Broadway bu sezon da yıldız yağmuru altında. Beyazperde şöhretleri New York'ta sahne alıyorlar. Oscar ödüllü Al Pacino, Marisa Tomei, Diane Weist, Helen Hunt, Antonio Banderas, John Torturro, Elizabeth Ashley, Redgrave kardeşler Vanessa ile Lynn, Mary Elizabeth Mastrantonio, Brian Dennehy, Kate Mulgrew, Robert Vaughn, Molly Ringwald, Bernadet Peters adları neon ışıklarında parlıyor. ‘Cabaret’, ‘42nd Street’, ‘Chicago’, ‘Salome’, ‘Mamma Mia’, ‘La Boheme’, ‘Aida’, ‘Hairspray’, ‘The Beauty and The Beast’, ‘The Phantom of the Opera’, ‘Nine’, ‘Man of La Mancha’, ‘Rent’ ve ‘The Lion King...’ Broadway ve civarında 60 kadar oyun listesinin gözdeleri.

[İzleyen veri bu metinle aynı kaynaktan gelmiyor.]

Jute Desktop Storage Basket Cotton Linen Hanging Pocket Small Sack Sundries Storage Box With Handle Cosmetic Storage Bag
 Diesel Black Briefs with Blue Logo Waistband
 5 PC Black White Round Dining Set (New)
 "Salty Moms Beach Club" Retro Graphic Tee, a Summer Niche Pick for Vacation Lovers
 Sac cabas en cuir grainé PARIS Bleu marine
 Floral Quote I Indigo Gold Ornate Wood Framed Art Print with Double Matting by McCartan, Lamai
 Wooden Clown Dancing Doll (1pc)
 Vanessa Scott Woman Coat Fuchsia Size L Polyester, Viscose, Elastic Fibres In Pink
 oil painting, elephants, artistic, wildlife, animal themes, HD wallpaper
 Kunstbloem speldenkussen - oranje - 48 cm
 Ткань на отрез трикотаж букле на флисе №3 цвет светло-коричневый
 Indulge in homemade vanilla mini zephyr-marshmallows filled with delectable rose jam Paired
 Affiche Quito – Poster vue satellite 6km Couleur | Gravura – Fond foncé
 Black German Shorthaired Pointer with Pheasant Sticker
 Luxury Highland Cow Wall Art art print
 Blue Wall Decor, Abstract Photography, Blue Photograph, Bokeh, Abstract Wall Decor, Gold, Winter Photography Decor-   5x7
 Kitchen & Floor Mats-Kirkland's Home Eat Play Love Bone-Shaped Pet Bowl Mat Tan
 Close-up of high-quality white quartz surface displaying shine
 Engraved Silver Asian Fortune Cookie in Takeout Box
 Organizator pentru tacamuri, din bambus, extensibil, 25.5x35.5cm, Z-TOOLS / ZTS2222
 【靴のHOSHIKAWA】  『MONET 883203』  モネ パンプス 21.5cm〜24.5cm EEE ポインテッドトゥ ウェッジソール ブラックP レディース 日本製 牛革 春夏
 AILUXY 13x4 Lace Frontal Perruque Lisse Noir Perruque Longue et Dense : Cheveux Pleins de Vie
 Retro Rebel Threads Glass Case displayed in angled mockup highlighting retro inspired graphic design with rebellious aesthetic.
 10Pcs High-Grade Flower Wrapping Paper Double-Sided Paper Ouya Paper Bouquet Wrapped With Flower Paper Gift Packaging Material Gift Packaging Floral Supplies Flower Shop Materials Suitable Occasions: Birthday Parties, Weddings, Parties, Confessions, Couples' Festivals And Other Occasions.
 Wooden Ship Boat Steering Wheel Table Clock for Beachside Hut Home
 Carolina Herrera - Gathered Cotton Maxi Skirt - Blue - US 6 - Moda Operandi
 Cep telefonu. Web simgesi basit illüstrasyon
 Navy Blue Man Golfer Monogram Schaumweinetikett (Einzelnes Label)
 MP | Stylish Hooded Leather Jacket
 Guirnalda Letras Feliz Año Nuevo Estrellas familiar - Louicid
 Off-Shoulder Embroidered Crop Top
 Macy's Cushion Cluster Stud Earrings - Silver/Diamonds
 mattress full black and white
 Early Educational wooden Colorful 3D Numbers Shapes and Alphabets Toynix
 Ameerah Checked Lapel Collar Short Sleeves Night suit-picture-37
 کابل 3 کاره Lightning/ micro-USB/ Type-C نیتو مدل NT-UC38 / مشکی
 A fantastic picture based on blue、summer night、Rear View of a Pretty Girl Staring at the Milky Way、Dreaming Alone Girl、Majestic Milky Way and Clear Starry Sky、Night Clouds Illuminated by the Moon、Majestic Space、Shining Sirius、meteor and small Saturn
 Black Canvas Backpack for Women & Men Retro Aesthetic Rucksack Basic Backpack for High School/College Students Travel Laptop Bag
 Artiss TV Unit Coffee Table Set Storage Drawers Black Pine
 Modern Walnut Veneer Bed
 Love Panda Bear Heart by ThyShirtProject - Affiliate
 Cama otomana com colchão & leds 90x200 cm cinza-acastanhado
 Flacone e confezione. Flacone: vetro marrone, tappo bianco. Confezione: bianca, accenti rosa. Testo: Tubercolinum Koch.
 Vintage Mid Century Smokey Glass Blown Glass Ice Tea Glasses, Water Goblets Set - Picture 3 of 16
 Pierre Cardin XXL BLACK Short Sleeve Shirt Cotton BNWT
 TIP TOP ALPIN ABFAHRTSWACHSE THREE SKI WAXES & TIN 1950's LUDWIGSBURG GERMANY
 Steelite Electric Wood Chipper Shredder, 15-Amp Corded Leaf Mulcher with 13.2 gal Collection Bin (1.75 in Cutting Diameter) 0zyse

‘Godfather’ filmleriyle üne kavuşan Al Pacino her gece ‘Salome’ piyesinde Kral Herod rolünde ayakta alkışlanmasına rağmen mutlu değil. 63 yaşındaki aktör gündüzleri avukatıyla aile mahkemesinde boy gösteriyor. Pacino'nun geçen yıl ayrıldığı uzatmalı sevgilisi Beverly D'Angelo ile başı dertte. Beverly iki yaşındaki ikiz çocuklarını sinemanın mafya babası Pacino'ya göstermek için daha fazla para istiyor. Aktör eski sevgilisine ödediği aylık 35 bin dolar çocuk bakım parası ile 18 bin dolar ev kirasının yeterli olduğunu ileri sürüyor. Çocuklarıyla Los Angeles'a kaçan eski aktris Beverly müşterek arkadaşlarıyla ‘‘Yayınevleri peşimde. Birlikte yaşantımızı anlatmak için bana bavul dolusu para ödeyeceklerini söylüyorlar. Pacino karşı çıkıyor diye bunca yıl film tekliflerini geri çevirdim. Kariyerimi kaybettim. Al istediğim parayı vermezse ilişkimizi yazacağım’’ diye şantaj mesajı gönderiyor.

Şöhretleri yaşantısını içeren anı kitapları yazarlarına servet kazandırıyor. Geçen hafta istifa eden Irak harekatı komutanı General Tommy Franks'e Irak'ın işgali ve daha önce Afganistan'da Taliban ve El Kaide'ye karşı askeri zaferinin bilinmeyenlerini anlatması için beş milyon dolar önerildiği bildiriliyor. Senatör Hillary Clinton'ın da iki milyon dolar avans aldığı özel hayatını içeren kitabı bu yıl sonunda piyasaya çıkacak.